• PROBLEM STATEMENT
All the lines below should appear again unchanged, though their pictures should not.

• STORED DATA
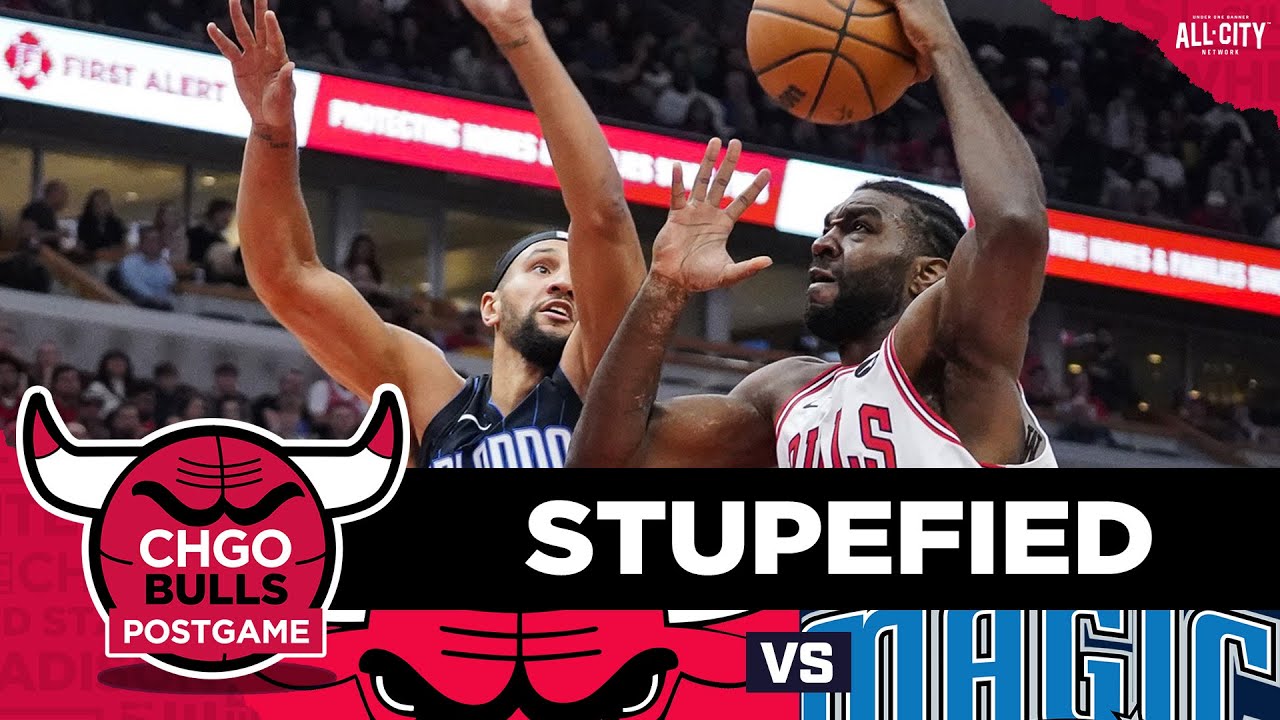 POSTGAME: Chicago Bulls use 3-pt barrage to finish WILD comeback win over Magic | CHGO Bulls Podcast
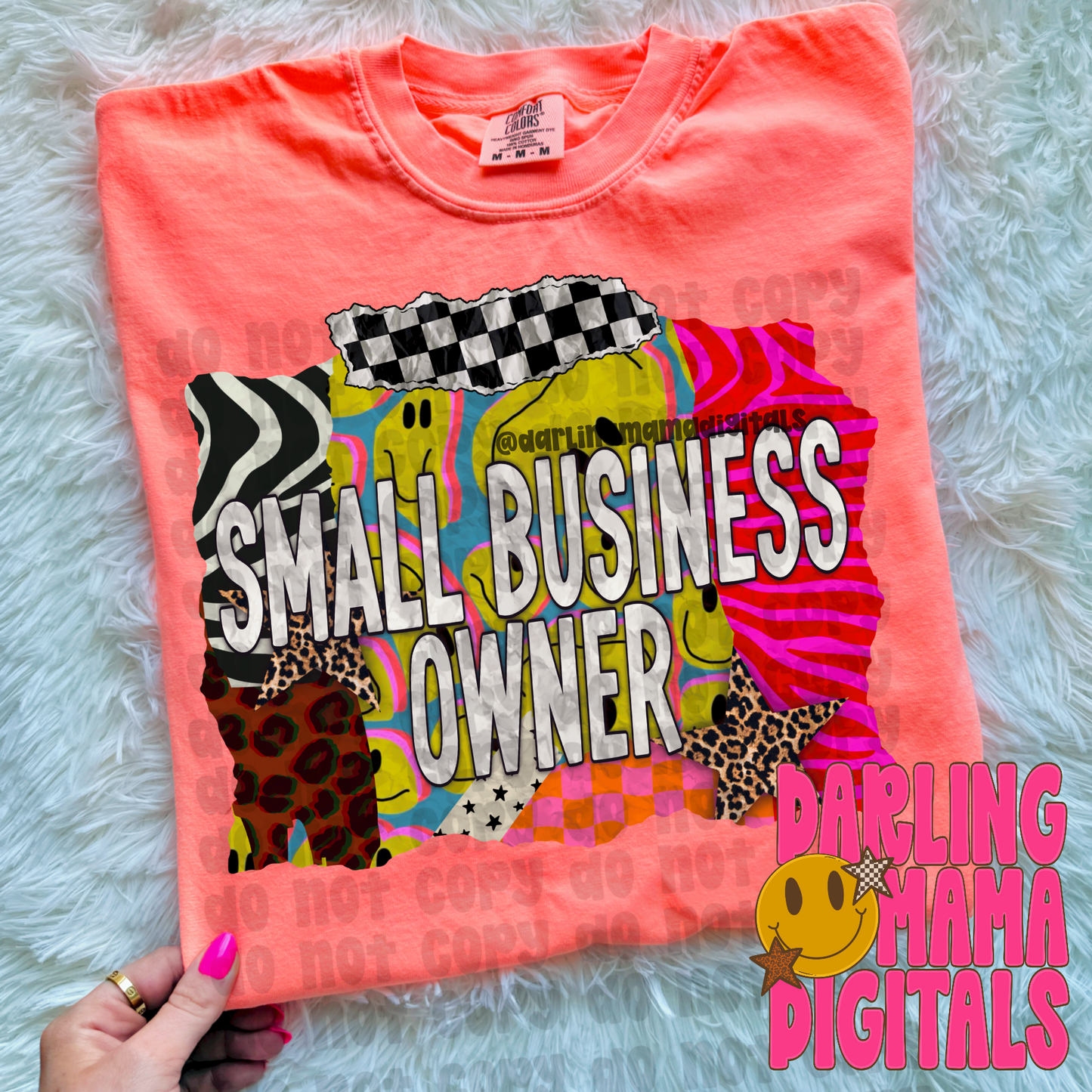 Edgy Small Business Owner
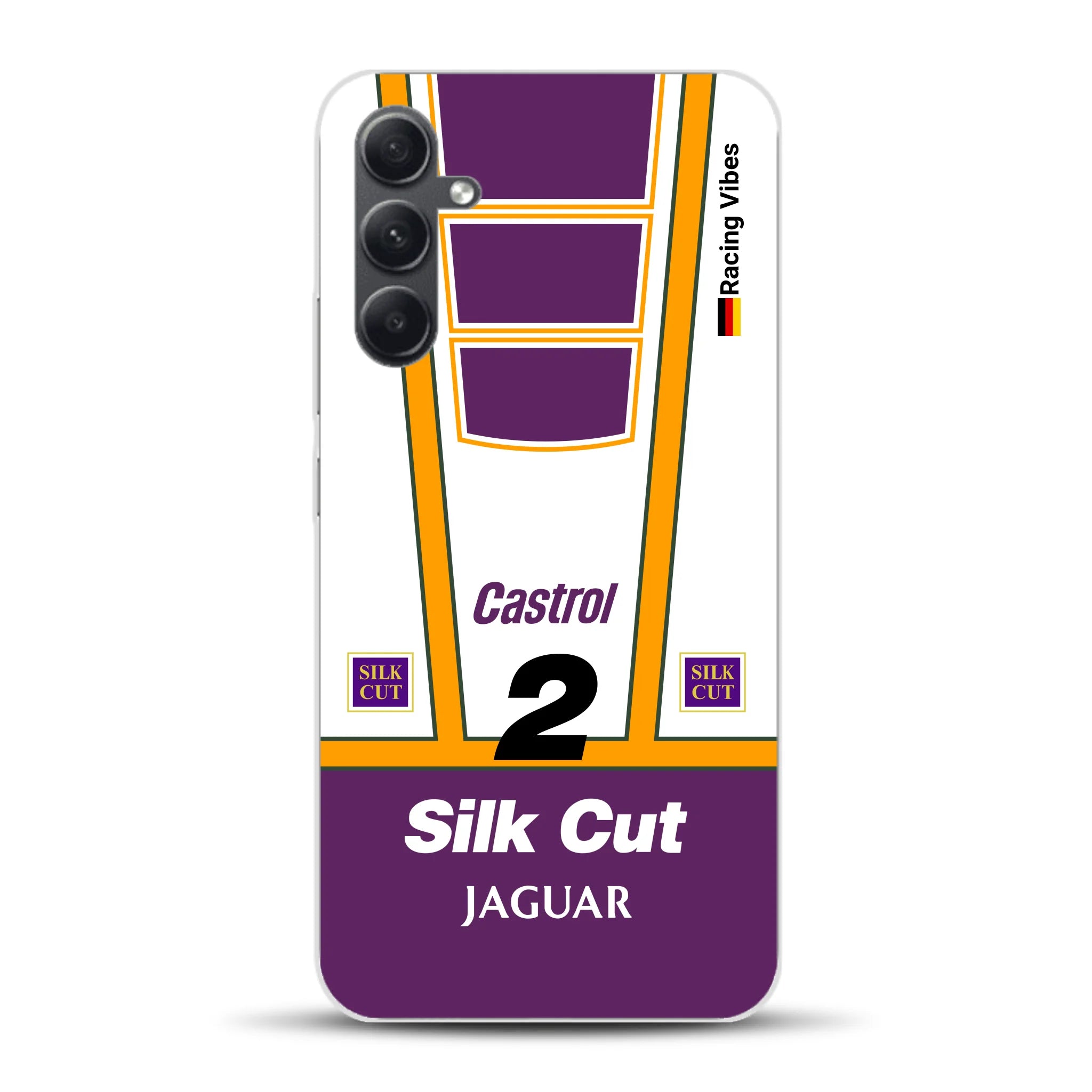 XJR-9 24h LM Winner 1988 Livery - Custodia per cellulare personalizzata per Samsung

• EXPECTED ANSWER
 POSTGAME: Chicago Bulls use 3-pt barrage to finish WILD comeback win over Magic | CHGO Bulls Podcast
 Edgy Small Business Owner
 XJR-9 24h LM Winner 1988 Livery - Custodia per cellulare personalizzata per Samsung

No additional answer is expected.